A negociação para receber tudo em ações não foi adiante – e o humor dos fundadores do Kabum mudou bastante nos meses seguintes, quando as ações do Magalu despencaram, segundo pessoas que conviveram com eles à época.
O negócio foi fechado quando a ação da varejista estava em torno de R$ 20. Em novembro daquele ano, já valia menos da metade.
Foi mais ou menos nessa época que Leandro e seu irmão e sócio, Thiago Ramos, renegociaram alguns termos do contrato de venda. Conseguiram metas mais brandas para o earnout, que passaria a valer com o atingimento de 50% das metas (na assinatura, o percentual era de 70%).
A contrapartida foi que o pagamento de R$ 1 bilhão em dinheiro, que seria à vista, foi feito em duas parcelas, a última em janeiro deste ano.
Além disso, no fim de novembro de 2021, os irmãos se reuniram com Frederico e Luiza Trajano para discutir a queda das ações, que estava reduzindo o valor recebido por eles pela venda do Kabum.
Nessa reunião, os Trajano lembraram que não têm controle sobre o preço dos papéis, mas disseram querer que os irmãos fossem “felizes” para o Magalu, segundo pessoas próximas à varejista.
Os Trajano perguntaram então se os fundadores do Kabum queriam desfazer o negócio. A resposta foi ‘não’.
No processo contra o Itaú, os fundadores dizem essencialmente que tomaram decisões erradas porque não sabiam do que hoje alegam ser conflitos de interesse do banco, que os estava assessorando na venda: entre eles, o fato de Ubiratan Machado, o executivo do Itaú que atuou pelo Kabum na negociação, ser concunhado de Frederico Trajano. (A esposa de Ubiratan é irmã da esposa de Trajano.)

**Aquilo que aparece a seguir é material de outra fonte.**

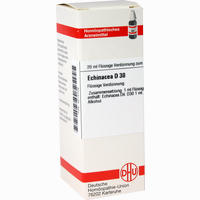 Echinacea (hab) D30 Dilution 20 ml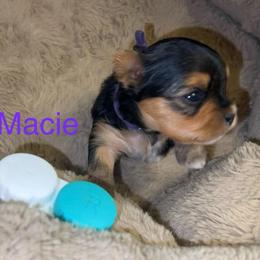 Macie - Black & tan tri-color female Morkie puppy in Seneca, Missouri from M.Y. Morkies and Yorkies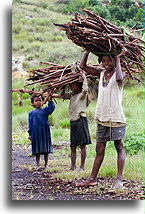 Three Girls with Brushwood::Central Highlands, Madagascar::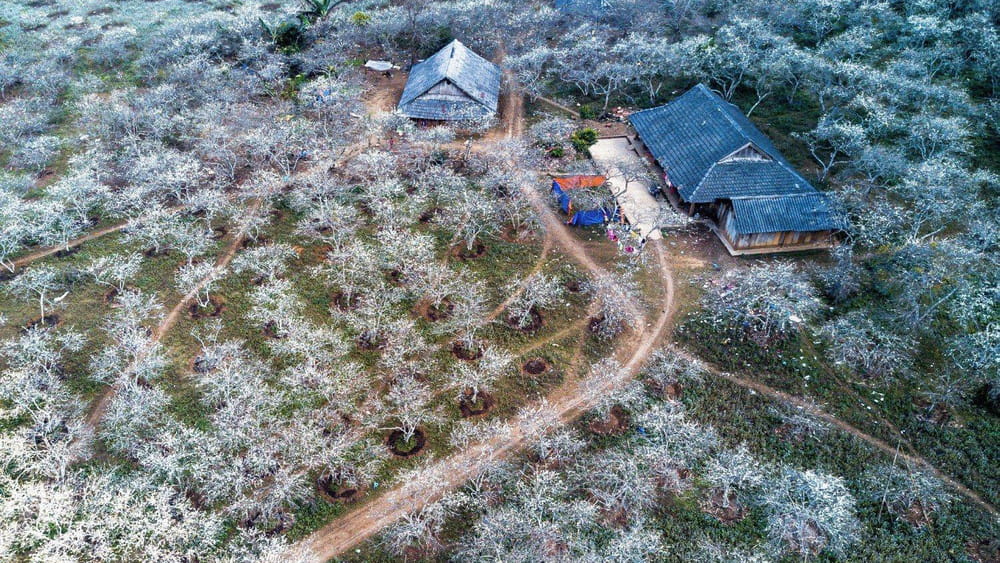 Giá vé tham quan Thũng Lũng Mận Nà Ka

Além disso, os irmãos vêem um conflito no fato de, logo após a compra do Kabum, o Magalu ter anunciado uma oferta de ações coordenada pelo Itaú.
No processo judicial que pede acesso a documentos do Itaú – que viralizou ontem – o Warde Advogados, que representa os irmãos Ramos, afirma que o contrato de venda para o Magalu foi “profundamente mal negociado e desvantajoso para os autores.”
A peça do escritório critica o fato de boa parte do pagamento ter sido feita em ações, o que teria deixado os irmãos à mercê da Bolsa. “O contrato não previu nenhum mecanismo contratual que garantisse a preservação do valor do preço na data do fechamento.”
Os advogados dos Ramos alegam ainda que o Itaú “deu preferência” ao Magalu em detrimento de outras empresas que estariam interessadas no Kabum.
Mas conversas com profissionais que acompanharam as negociações sugerem que o processo de venda do Kabum foi longo e competitivo, e que a empresa recebeu quatro propostas, além da do Magalu.
A primeira foi feita pela Whirlpool, que ofereceu R$ 2,4 bilhões em setembro de 2020. Por meio do Itaú, os irmãos fizeram uma contraproposta de R$ 3,8 bilhões, que não foi aceita. De acordo com esses profissionais, os irmãos negociaram diretamente com as Lojas Havan e, em fevereiro de 2021, disseram ao próprio Itaú que haviam fechado “um negócio multimilionário”. Segundo eles, Luciano Hang estaria disposto a pagar R$ 3,5 bilhões, parte em opções de ações que teriam valor se o IPO da Havan ocorresse. Mais uma vez, o negócio não foi adiante.
Em março de 2021, a B2W fez uma proposta de R$ 4 bilhões, parte em dinheiro e parte em ações. Fechou um contrato de exclusividade, fez due diligence, e em seguida desistiu.
Depois da desistência da B2W, os irmãos pediram que o Itaú sondasse outros varejistas.
Em maio de 2021, a Via fez uma proposta verbal que previa boa parte do pagamento em ações e avaliava o papel da Via em R$ 16 (na época, a ação era negociada a R$ 12).
O Magalu, que havia feito uma proposta de R$ 1,8 bilhão em janeiro de 2021, fez a proposta final de R$ 3,5 bilhões, que foi aceita em julho.
“É claro que houve outras propostas pelo Kabum. Isso não está em discussão. Mas as propostas só caminham se houver empenho dos assessores em fazê-las andar,” diz um profissional próximo aos fundadores do Kabum. “Com certeza, houve empenho em uma proposta.”
Para outra fonte, próxima ao Magalu, “esse foi um negócio estritamente papai e mamãe. Lefosse de um lado e Machado Meyer do outro, BTG de um lado, Itaú do outro. A única coisa que não funcionou é que boa parte foi paga em ações, e a ação derreteu.”